Ma ad ammettere che i magistrati combinarono “un gran pasticcio” è stato un altro politico di lungo corso, Michele Vietti, oggi professore di diritto, ma nel recente passato membro laico del Csm e quindi più che autorevole nel giudicare il comportamento di giudici e magistrati. Dopo aver riepilogato il tortuoso percorso giudiziario della vicenda – partita dall’iniziativa dell’ex magistrato Carlo Palermo, allora a Trento, e poi approdata a Napoli – Vietti ha spiegato che un caso come quello del sangue infetto avrebbe avuto bisogno di magistrati con competenze specifiche e appropriate, anche se nel contempo ha voluto sottolineare come l’attivismo di alcune toghe abbia quantomeno costretto il legislatore a sviluppare e migliorare le norme sui risarcimenti.

UNA CAMPAGNA DIFFAMATORIA

In tutto questo, Michele De Lucia – avvalendosi anche della testimonianza di Andrea Spinetti, una delle vittime di questo scandalo e presente al tavolo dei relatori – ha ricordato come sia nato il libro e di come – scavando tra i documenti che schiere di giornalisti prima di lui avevano tralasciato e ignorato – sia stato costretto a cambiare radicalmente le idee di partenza. Tutto ciò che all’inizio sembrava ormai solidamente consegnato allo storytelling ufficiale di questa brutta pagina italiana, si è progressivamente rivelato fragile, inconsistente, spesso falso e frutto della peggiore pigrizia di giornalisti che in molti casi non hanno fatto altro che esercitarsi nel “copia e incolla”. Un intero settore come quello del sangue e del plasma che oggi nel Paese conta circa tre milioni tra addetti e volontari, ha rischiato di essere completamente devastato da una delle peggiori campagne diffamatorie messa in atto non per un piano diabolico ma – molto peggio – per la sciatta esuberanza di figure (magistrati, politici, giornalisti) per le quali l’etica, la sobrietà e l’equilibrio dovrebbero essere invece criteri fondamentali.

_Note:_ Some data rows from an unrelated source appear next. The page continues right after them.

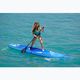 SUP AQUASTIC Touring 12'6" 2024 board blue 6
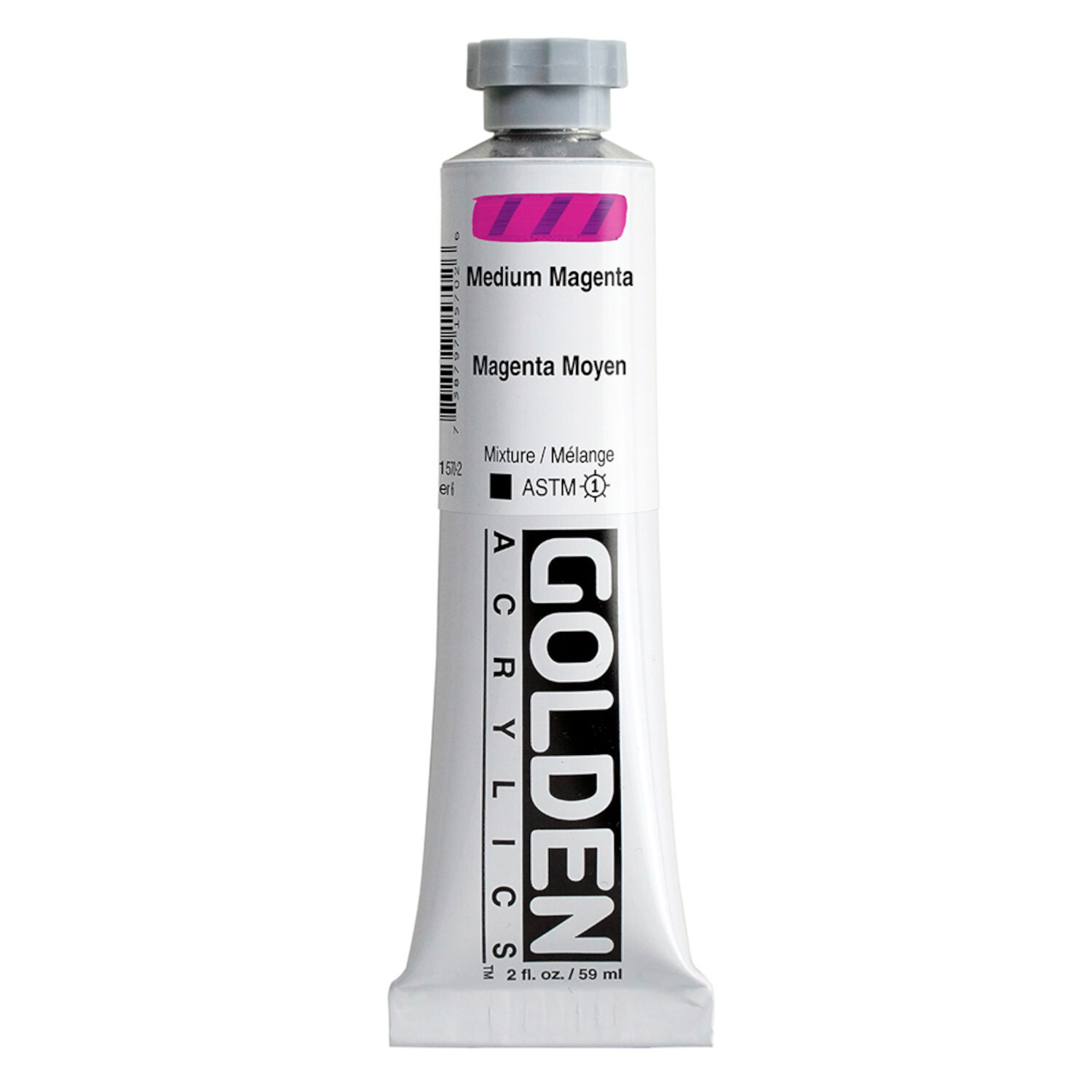 Golden Heavy Body Acrylfarbe Golden Heavy Body Acrylfarbe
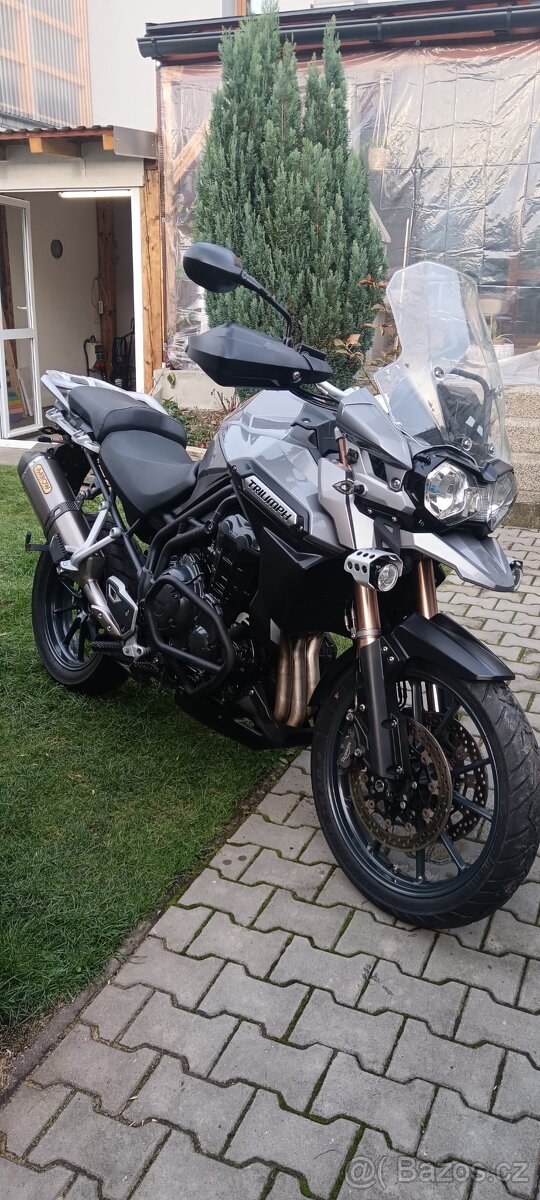 Triumph Tiger 1200 rv.2013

A esserne duramente colpiti, tra gli altri, aziende italiane, famiglie di imprenditori additate al pubblico scandalo, professionisti incolpevoli. Ma più di tutti ne hanno fatto le spese quelle persone che si sono ammalate. Colpite due volte.

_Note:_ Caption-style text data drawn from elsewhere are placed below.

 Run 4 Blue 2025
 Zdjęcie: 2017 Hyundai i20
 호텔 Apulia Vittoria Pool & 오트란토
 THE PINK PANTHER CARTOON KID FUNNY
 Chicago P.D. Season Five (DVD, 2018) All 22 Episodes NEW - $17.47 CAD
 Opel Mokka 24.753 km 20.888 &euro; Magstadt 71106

Dall’infezione, e dall’illusione di avere dei responsabili da maledire e possibilmente da perseguire. De Lucia nel suo libro spiega esaurientemente perché le cose stanno in tutt’altro modo, e se tra i molti pregi della sua bellissima inchiesta ce n’è uno che vale la pena di sottolineare più degli altri, questo riguarda la dolorosa constatazione di come – attraverso questa vicenda – sia possibile guardare a ritroso nei quasi trent’anni che ci portiamo dietro, individuando molti dei segni della parabola di decadenza e di sfilacciamento sociale che oggi il Paese paga, e rischia di pagare, a carissimo prezzo.